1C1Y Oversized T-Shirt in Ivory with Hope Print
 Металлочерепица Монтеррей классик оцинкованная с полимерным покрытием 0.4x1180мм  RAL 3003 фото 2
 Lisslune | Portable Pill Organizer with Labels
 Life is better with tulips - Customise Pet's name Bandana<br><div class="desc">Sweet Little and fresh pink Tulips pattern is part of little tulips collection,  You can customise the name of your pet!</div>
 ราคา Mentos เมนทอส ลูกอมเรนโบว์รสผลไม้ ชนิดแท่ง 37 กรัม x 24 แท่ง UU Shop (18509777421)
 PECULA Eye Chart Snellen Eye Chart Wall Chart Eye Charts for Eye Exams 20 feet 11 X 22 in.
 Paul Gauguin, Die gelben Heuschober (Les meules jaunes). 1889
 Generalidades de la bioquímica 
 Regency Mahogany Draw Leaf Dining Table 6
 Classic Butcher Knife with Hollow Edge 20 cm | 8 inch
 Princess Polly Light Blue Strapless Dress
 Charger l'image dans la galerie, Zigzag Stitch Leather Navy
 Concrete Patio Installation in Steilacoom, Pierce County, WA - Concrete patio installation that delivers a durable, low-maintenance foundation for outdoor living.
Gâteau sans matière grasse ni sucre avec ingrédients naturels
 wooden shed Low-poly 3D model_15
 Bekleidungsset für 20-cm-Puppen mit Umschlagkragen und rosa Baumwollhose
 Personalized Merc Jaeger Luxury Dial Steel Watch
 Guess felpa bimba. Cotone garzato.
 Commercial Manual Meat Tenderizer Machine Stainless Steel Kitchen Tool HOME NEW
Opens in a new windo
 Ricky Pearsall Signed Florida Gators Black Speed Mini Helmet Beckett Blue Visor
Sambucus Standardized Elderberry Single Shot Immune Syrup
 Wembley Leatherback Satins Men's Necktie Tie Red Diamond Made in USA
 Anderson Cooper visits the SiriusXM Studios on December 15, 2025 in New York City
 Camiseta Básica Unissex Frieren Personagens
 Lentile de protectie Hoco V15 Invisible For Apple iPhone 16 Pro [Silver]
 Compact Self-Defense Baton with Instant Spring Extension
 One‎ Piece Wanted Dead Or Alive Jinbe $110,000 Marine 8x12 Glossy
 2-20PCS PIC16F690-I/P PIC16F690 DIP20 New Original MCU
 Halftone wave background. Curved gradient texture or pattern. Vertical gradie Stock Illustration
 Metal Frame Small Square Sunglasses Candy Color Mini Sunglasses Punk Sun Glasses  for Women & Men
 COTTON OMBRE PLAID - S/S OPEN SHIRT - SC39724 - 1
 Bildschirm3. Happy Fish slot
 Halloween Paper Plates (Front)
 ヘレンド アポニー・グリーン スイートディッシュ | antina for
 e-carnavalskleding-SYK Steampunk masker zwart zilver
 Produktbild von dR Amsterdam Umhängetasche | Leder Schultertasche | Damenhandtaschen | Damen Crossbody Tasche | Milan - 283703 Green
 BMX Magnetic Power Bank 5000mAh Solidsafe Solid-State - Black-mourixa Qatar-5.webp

◆ ◆ ◆ ◆ ◆

#### [HOW TO COMPLETE THIS TASK]
Each line of the listing must be output once more, exactly as shown above.

#### [FINISHED EXERCISE]
1C1Y Oversized T-Shirt in Ivory with Hope Print
 Металлочерепица Монтеррей классик оцинкованная с полимерным покрытием 0.4x1180мм  RAL 3003 фото 2
 Lisslune | Portable Pill Organizer with Labels
 Life is better with tulips - Customise Pet's name Bandana<br><div class="desc">Sweet Little and fresh pink Tulips pattern is part of little tulips collection,  You can customise the name of your pet!</div>
 ราคา Mentos เมนทอส ลูกอมเรนโบว์รสผลไม้ ชนิดแท่ง 37 กรัม x 24 แท่ง UU Shop (18509777421)
 PECULA Eye Chart Snellen Eye Chart Wall Chart Eye Charts for Eye Exams 20 feet 11 X 22 in.
 Paul Gauguin, Die gelben Heuschober (Les meules jaunes). 1889
 Generalidades de la bioquímica 
 Regency Mahogany Draw Leaf Dining Table 6
 Classic Butcher Knife with Hollow Edge 20 cm | 8 inch
 Princess Polly Light Blue Strapless Dress
 Charger l'image dans la galerie, Zigzag Stitch Leather Navy
 Concrete Patio Installation in Steilacoom, Pierce County, WA - Concrete patio installation that delivers a durable, low-maintenance foundation for outdoor living.
Gâteau sans matière grasse ni sucre avec ingrédients naturels
 wooden shed Low-poly 3D model_15
 Bekleidungsset für 20-cm-Puppen mit Umschlagkragen und rosa Baumwollhose
 Personalized Merc Jaeger Luxury Dial Steel Watch
 Guess felpa bimba. Cotone garzato.
 Commercial Manual Meat Tenderizer Machine Stainless Steel Kitchen Tool HOME NEW
Opens in a new windo
 Ricky Pearsall Signed Florida Gators Black Speed Mini Helmet Beckett Blue Visor
Sambucus Standardized Elderberry Single Shot Immune Syrup
 Wembley Leatherback Satins Men's Necktie Tie Red Diamond Made in USA
 Anderson Cooper visits the SiriusXM Studios on December 15, 2025 in New York City
 Camiseta Básica Unissex Frieren Personagens
 Lentile de protectie Hoco V15 Invisible For Apple iPhone 16 Pro [Silver]
 Compact Self-Defense Baton with Instant Spring Extension
 One‎ Piece Wanted Dead Or Alive Jinbe $110,000 Marine 8x12 Glossy
 2-20PCS PIC16F690-I/P PIC16F690 DIP20 New Original MCU
 Halftone wave background. Curved gradient texture or pattern. Vertical gradie Stock Illustration
 Metal Frame Small Square Sunglasses Candy Color Mini Sunglasses Punk Sun Glasses  for Women & Men
 COTTON OMBRE PLAID - S/S OPEN SHIRT - SC39724 - 1
 Bildschirm3. Happy Fish slot
 Halloween Paper Plates (Front)
 ヘレンド アポニー・グリーン スイートディッシュ | antina for
 e-carnavalskleding-SYK Steampunk masker zwart zilver
 Produktbild von dR Amsterdam Umhängetasche | Leder Schultertasche | Damenhandtaschen | Damen Crossbody Tasche | Milan - 283703 Green
 BMX Magnetic Power Bank 5000mAh Solidsafe Solid-State - Black-mourixa Qatar-5.webp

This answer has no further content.